The size of the table 、 Is it parallel : If the watch is big , And the system is idle , You can use parallelism to collect statistics .

Whether the table is partitioned : If it is a partition table, it is recommended to collect global statistics and a single partition with changed data volume ( Add GRANULARITY And parameters and set properties INCREMENTAL) Statistical information .

Do you want to collect statistics for the index : In general, you should collect index statistics .

Whether to collect histogram . The strategy of collecting histogram statistical information is to collect histogram statistical information only for columns that already have histogram statistical information , The primary histogram statistics of the target column are obtained by the understanding system DBA Manually collect histograms . Set up METHOD_OPT The value of is “FOR ALL COLUMNS SIZE REPEAT”.

Whether statistics can be collected concurrently : If the system has many small tables , You can consider collecting statistics concurrently .

The load of the system : When collecting statistics manually, you need to pay attention to the load of the system .

How long will it take collect complete : Yes OLAP For the big table of the system , According to the experience of collecting statistical information, we should estimate how long it will take to collect statistical information .

database-based 、SCHEMA Or table level : Judge whether it is necessary to use the database or SCHEMA Level to collect statistics .

Whether you need to collect statistics for extended Columns . If the data in the table is highly skewed , Then the histogram collection can help the optimizer calculate the accurate Cardinality, So as to avoid bad execution plan ; Further , If there is a skew, multiple columns together form a Predicate And there is a strong column correlation between these columns , So generating multi column statistics with histogram is a good choice , It can help the optimizer accurately predict Cardinality.

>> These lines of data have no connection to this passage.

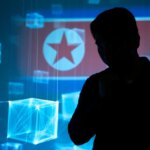 North Korean Hackers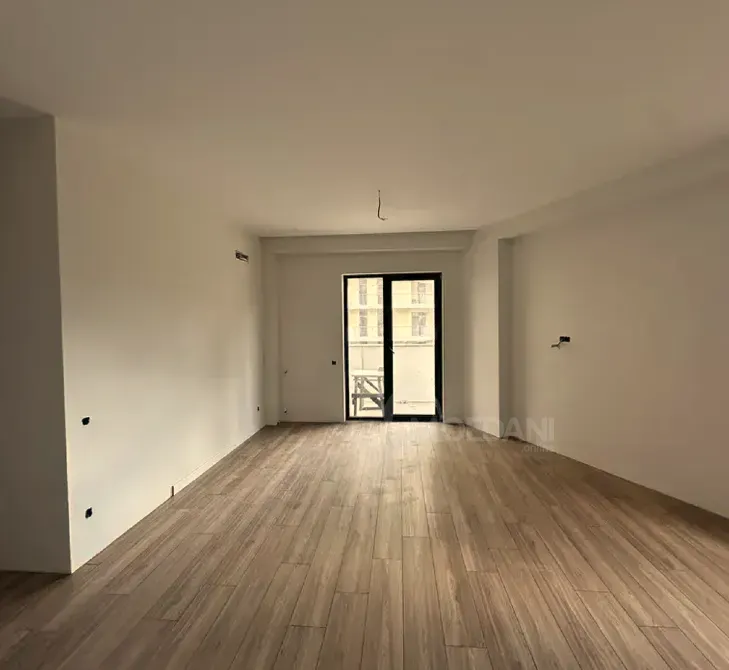 იყიდება 3 ოთახიანი ბინას 87.5მ² 2/10 სართ თბილისი - photo 8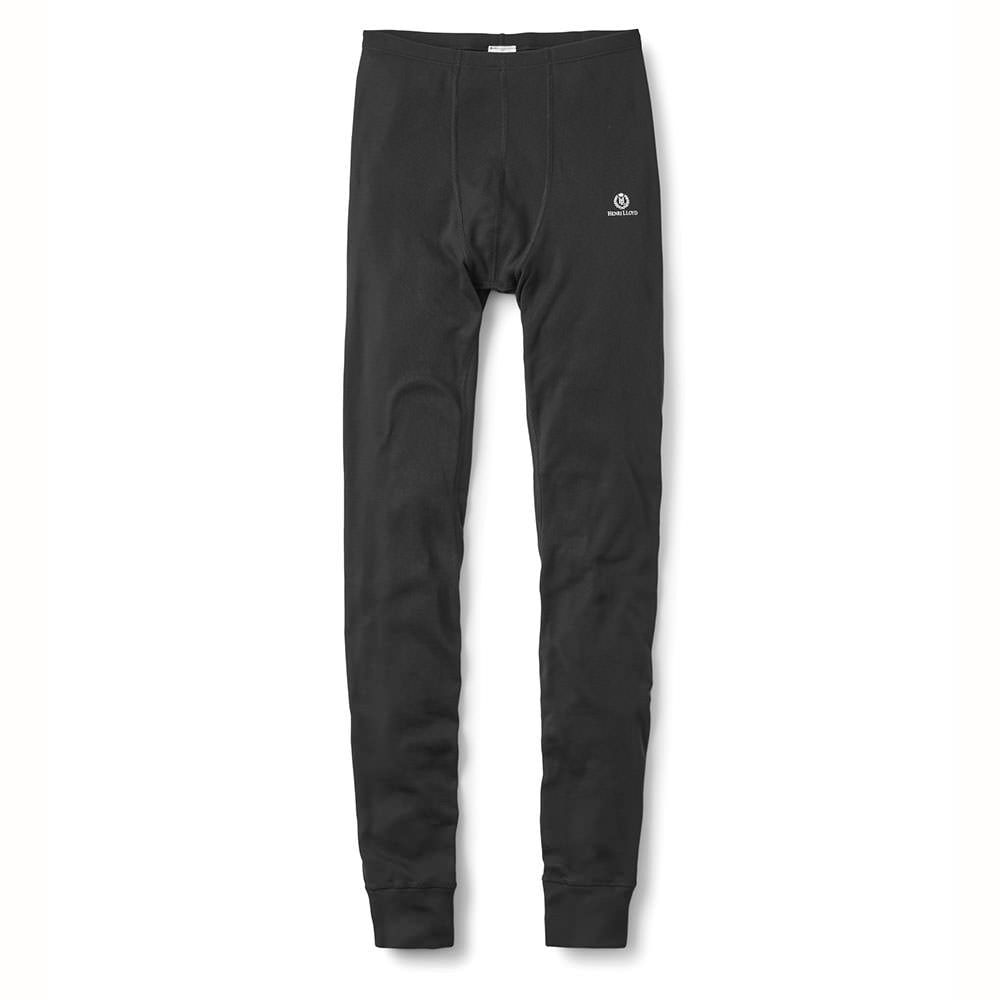 ★HENRI LLOYD|ヘンリーロイド  NTS Aktiv Warm Pant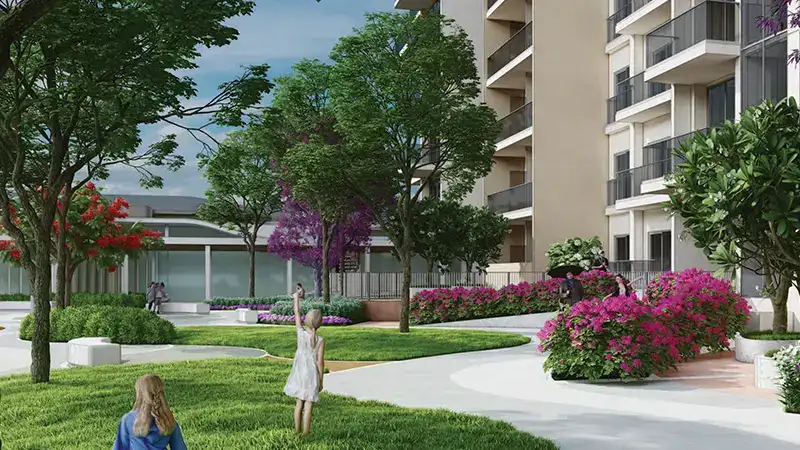 The Haven 2 by Meraki gallery image 12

Whether to set up NO_INVALIDATE by FALSE. The options are TRUEFALSE and DBMS_STATS.AUTO_INVALIDATE this 3 It’s worth . If the value is TRUE, This means that the cursor will not fail after collecting statistical information , The original Shared Cursor Keep it as it is . If the value is FALSE, So it means that all the information related to the statistical information object Cursor All the failure , The goal is SQL Statement will use hard parsing the next time it is executed . If set to AUTO_INVALIDATE, that Oracle Their own decisions Shared Cursor Failure action , When SQL The re execution time is more than… From the last time statistics were collected 5 Hours ( Implied parameters “_OPTIMIZER_INVALIDATION_PERIOD” decision ) On the other hand SQL Do hard parsing again .AUTO_INVALIDATE For default options . There are some DBA When collecting statistics , Not used NO_INVALIDATE=>FALSE Options , therefore , Even if statistics are collected , The implementation plan will not change immediately . It can be set at the table level so that all cursors that depend on the table will not fail , Set by :

1EXEC DBMS_STATS.SET_TABLE_PREFS('SH','SALES','NO_INVALIDATE','TRUE');-- Collection SH.SALES Statistics on the table , Let all cursors that depend on the table not fail 


about OLTP Database of type , Need special attention DML More frequent and large data loading tables and partition tables .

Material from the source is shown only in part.